▶ _Exercise objective_
Which lines run from the one containing "Whale Needle Minder 1" to the end of the material below? Copy them exactly, pictures excluded.

▶ _Dataset_
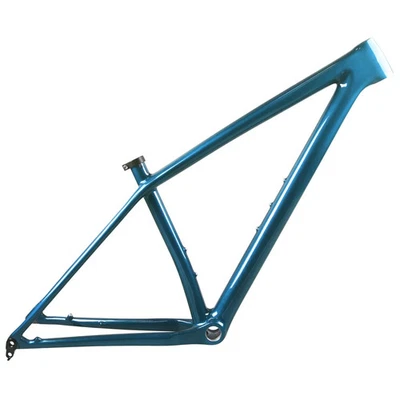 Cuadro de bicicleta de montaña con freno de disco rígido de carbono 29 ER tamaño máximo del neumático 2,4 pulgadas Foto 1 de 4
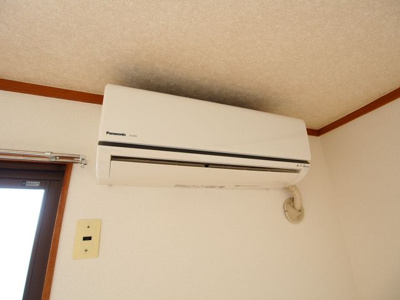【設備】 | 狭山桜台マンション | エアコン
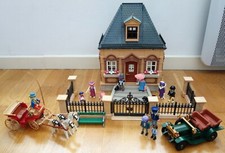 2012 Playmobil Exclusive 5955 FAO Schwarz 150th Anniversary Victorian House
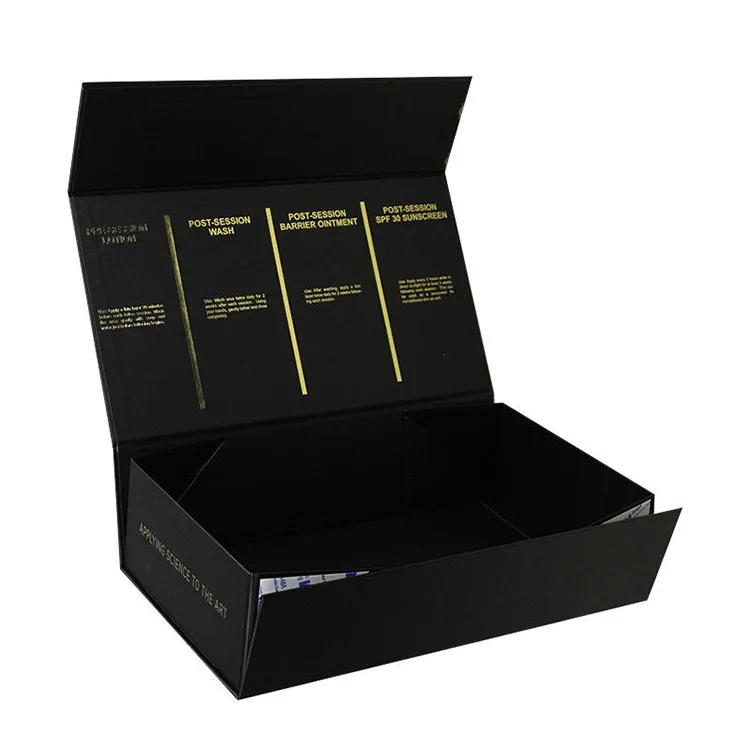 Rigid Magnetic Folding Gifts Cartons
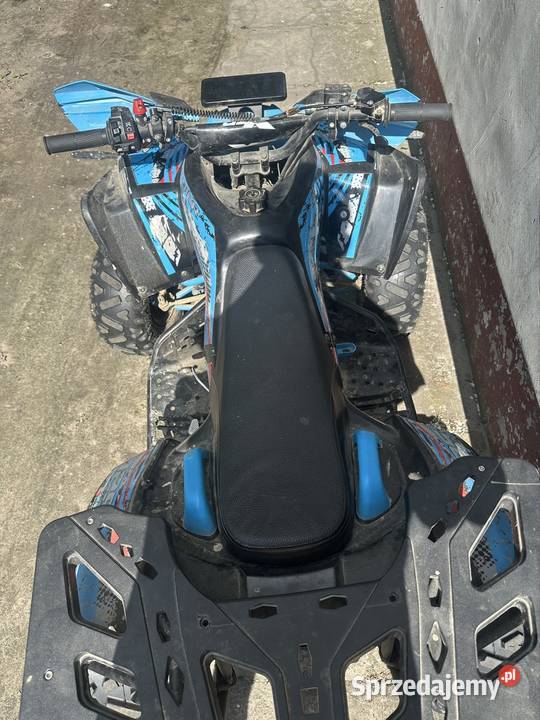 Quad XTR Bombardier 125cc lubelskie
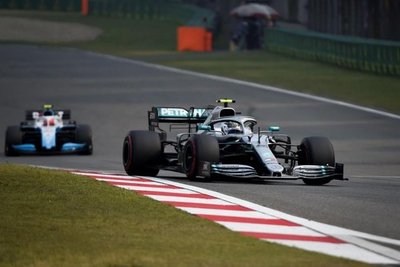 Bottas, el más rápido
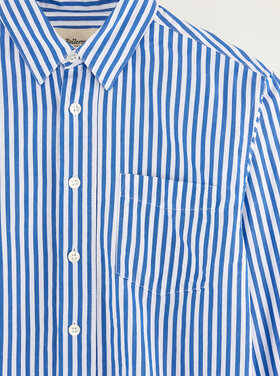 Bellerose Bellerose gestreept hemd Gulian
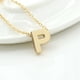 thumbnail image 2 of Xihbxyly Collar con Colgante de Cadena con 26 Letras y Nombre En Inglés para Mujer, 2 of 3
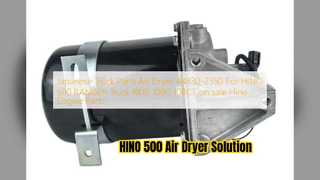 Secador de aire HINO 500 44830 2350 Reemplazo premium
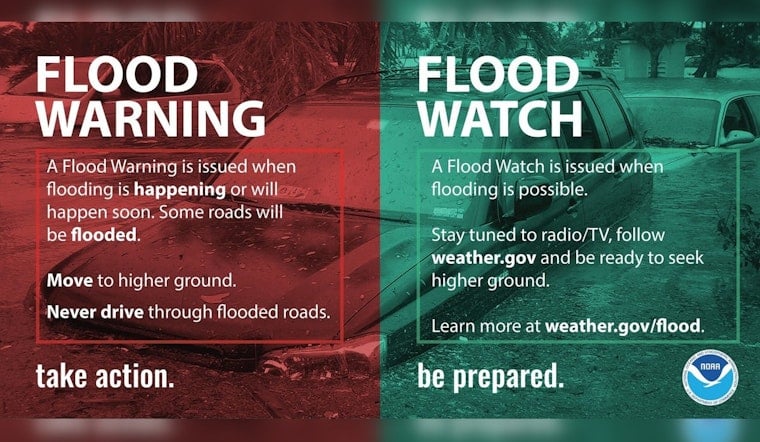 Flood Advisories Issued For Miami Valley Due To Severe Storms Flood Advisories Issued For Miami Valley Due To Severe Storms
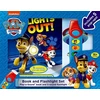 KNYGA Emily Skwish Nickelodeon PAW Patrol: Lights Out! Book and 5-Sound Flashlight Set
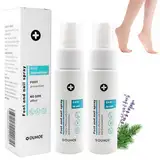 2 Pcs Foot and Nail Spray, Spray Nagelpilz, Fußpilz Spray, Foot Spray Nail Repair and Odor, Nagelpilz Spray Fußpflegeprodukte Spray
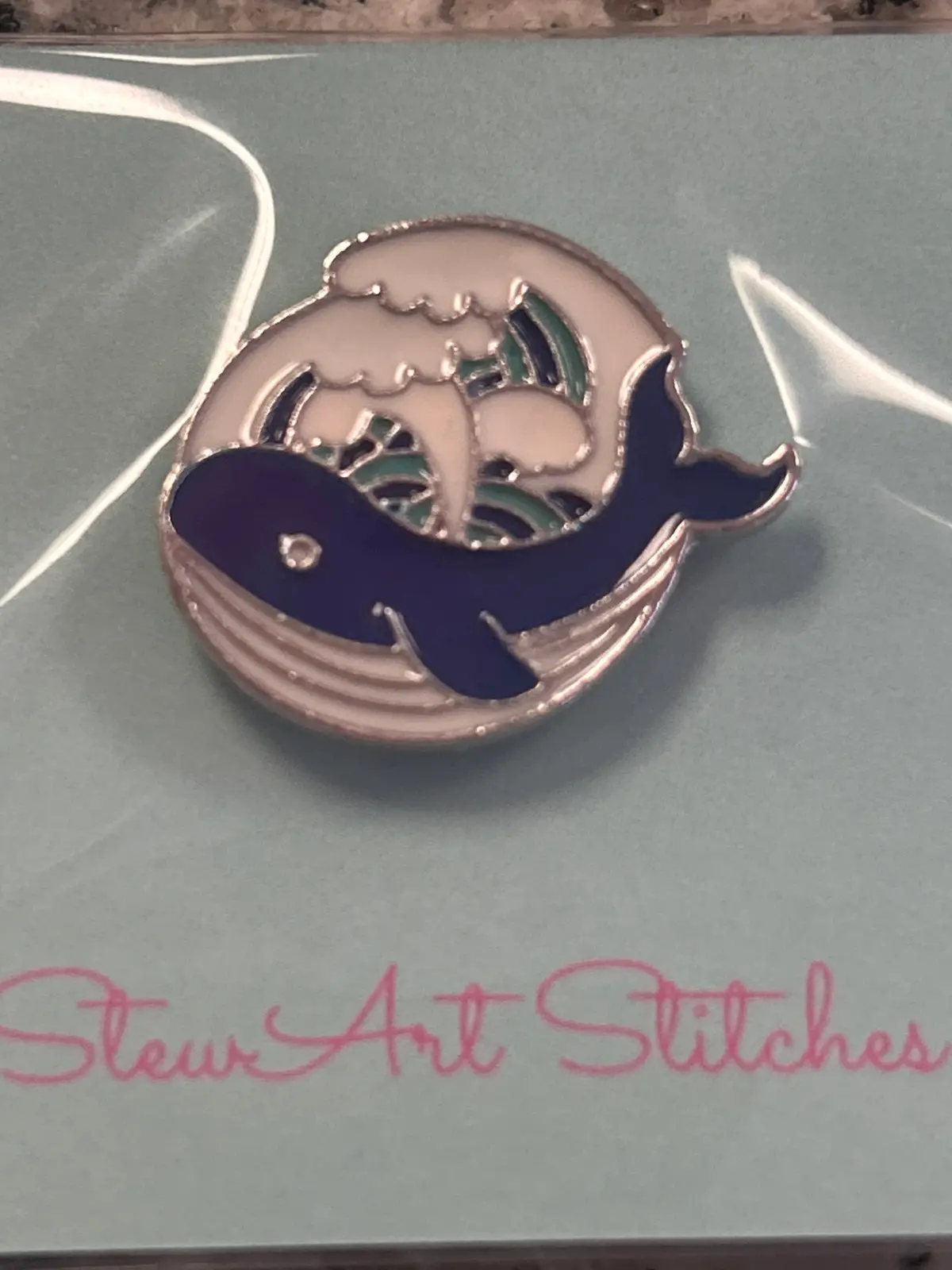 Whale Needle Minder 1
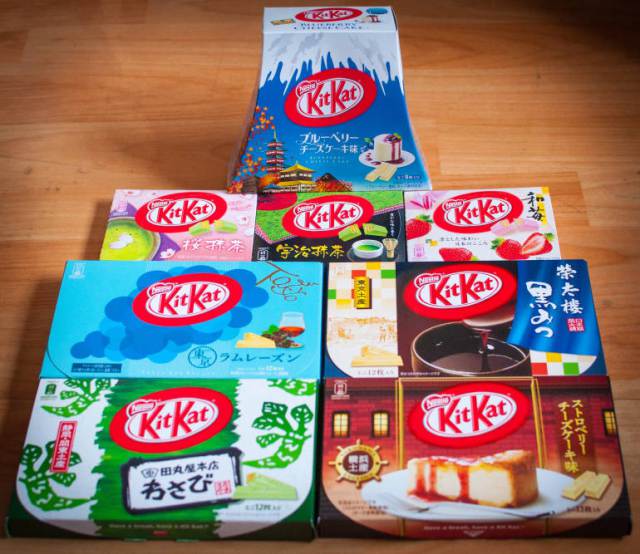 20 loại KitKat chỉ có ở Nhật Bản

▶ _Expected answer_
 Whale Needle Minder 1
 20 loại KitKat chỉ có ở Nhật Bản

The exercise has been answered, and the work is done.